Special servers may need special profiles. If in doubt, please ask the CA.

(Despite the header „Serverzertifikat“ you can also request any kind of person certificates here. To do so, please select the certificate profile “User”.)

Please also enter your contact data:

On the page displayed then enter your personal data. Here some translations:
Vollständiger Name = Full name
Organisationseinheit = Organizational unit
Zentrale Nutzerkennung (...) = Central username
Telefon = Telephone
Ich verpflichte mich ... = I commit myself to obey the rules in the information for certificate holders
Ich stimme der Veröffentlichung ... = I agree that the certificate with my name and my email address is published.

The PIN to be chosen will be needed later when online requesting the certificate to be revoked prematurely (but you can always contact the CA instead).

Committing to the regulations in the information for certificate holders is a mandantory requirement for a certificate to be issued.

With „Weiter“ (continue) you get on the next page. Here you check all data, then click on „Bestätigen“ (confirm):

Please click on „Zertifikatantrag anzeigen“ (show certification request) to download the complete request form containing your data and this fingerprint as a PDF file.

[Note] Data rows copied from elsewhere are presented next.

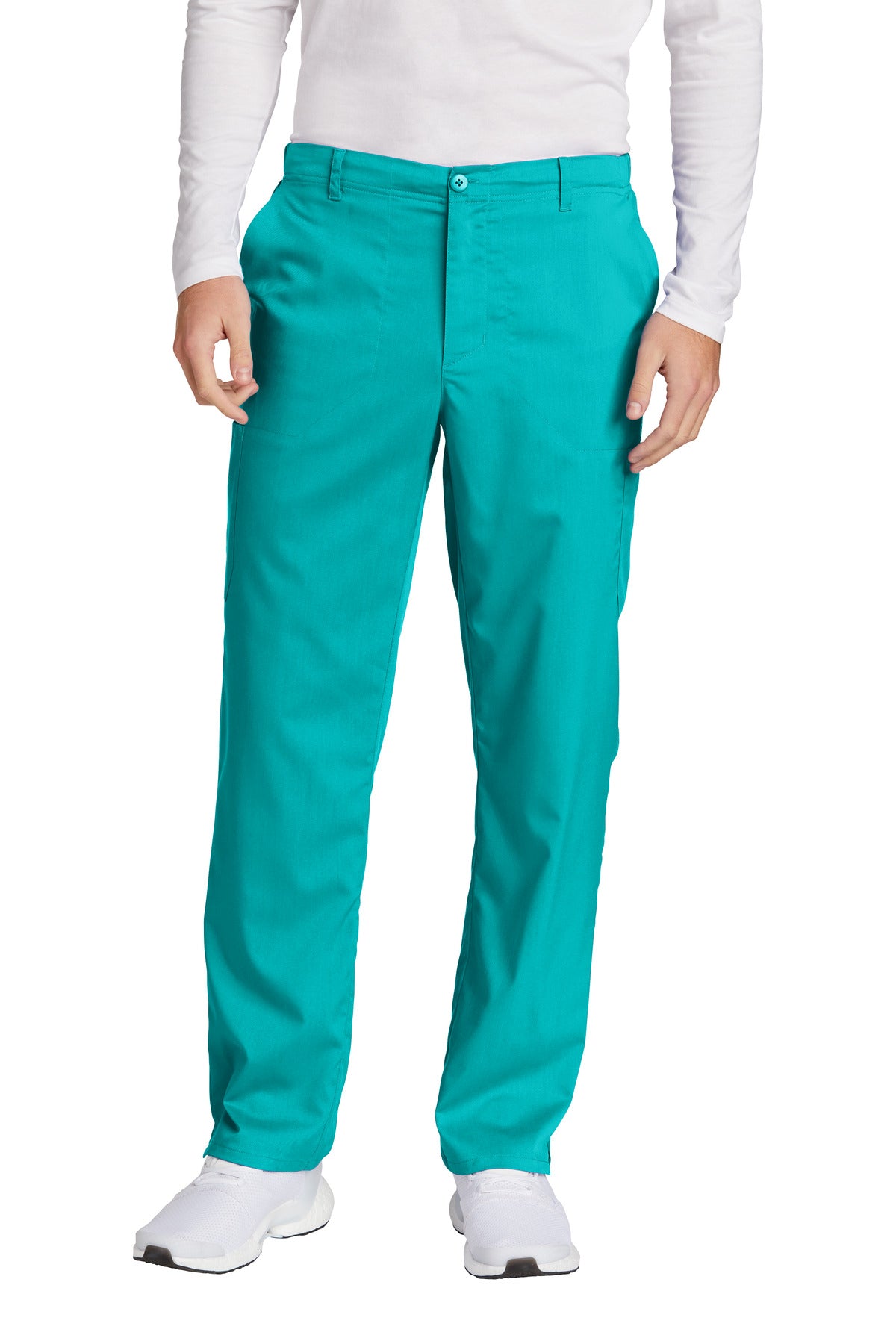 Wink Men's Premiere Flex Cargo Pant WW5058 in Teal Blue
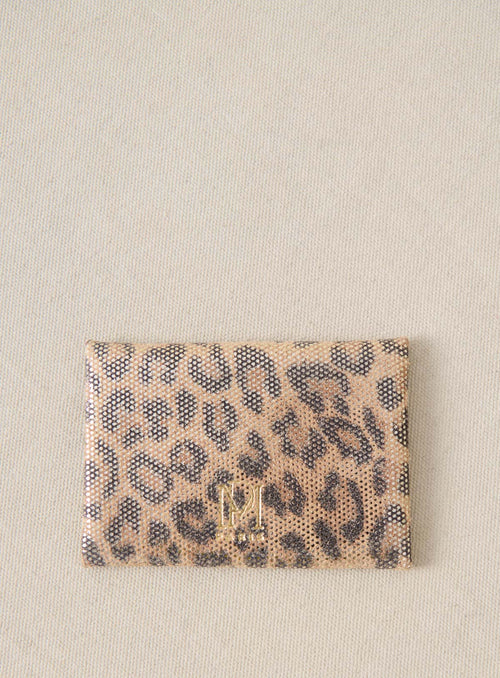Porte Cartes Emile - Leopard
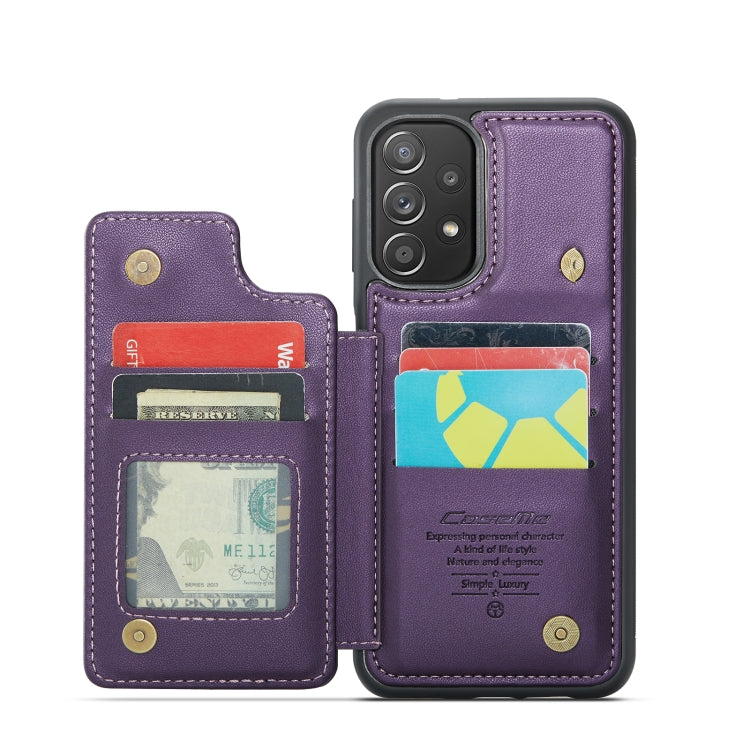 For Samsung Galaxy A52 4G/5G/A52s 5G CaseMe C22 Card Slots Holder RFID Anti-theft Phone Case(Purple) - Galaxy Phone Cases by CaseMe | Online Shopping South Africa | PMC Jewellery | Buy Now Pay Later Mobicred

The PDF viewer built into newer Firefox versions is good enough for this PDF file:

In the PDF file you will see your request number and the fingerprint of the public key.

Print this PDF file, sign it, and deliver the request in person to a CA participant service staff member, showing your ID card or passport:

On the map you can look up what staff members are located near you. The exact contact data can be found below:

Alternatively, you could send the PDF file by digitally signed email requesting the certificate to be issued to ca@uni-muenster.de. (For this you need a personal digital ID.) However, this causes additional work for the CA staff.

3. Pick up the certificates

The server certificate is sent to you by email.

The intermediate CA certificates can be found either following the corresponding link in the email or simplier on the page CA Certificates in the table column “X.509 chain”. Usually you need the file “Text (without root)”.

The further procedure depends on your server software: You can merge the PEM files with a simple text editor into one file or split them into several files. You can also assemble the PEM files into a digital ID (PKCS#12 file) or save them in different formats.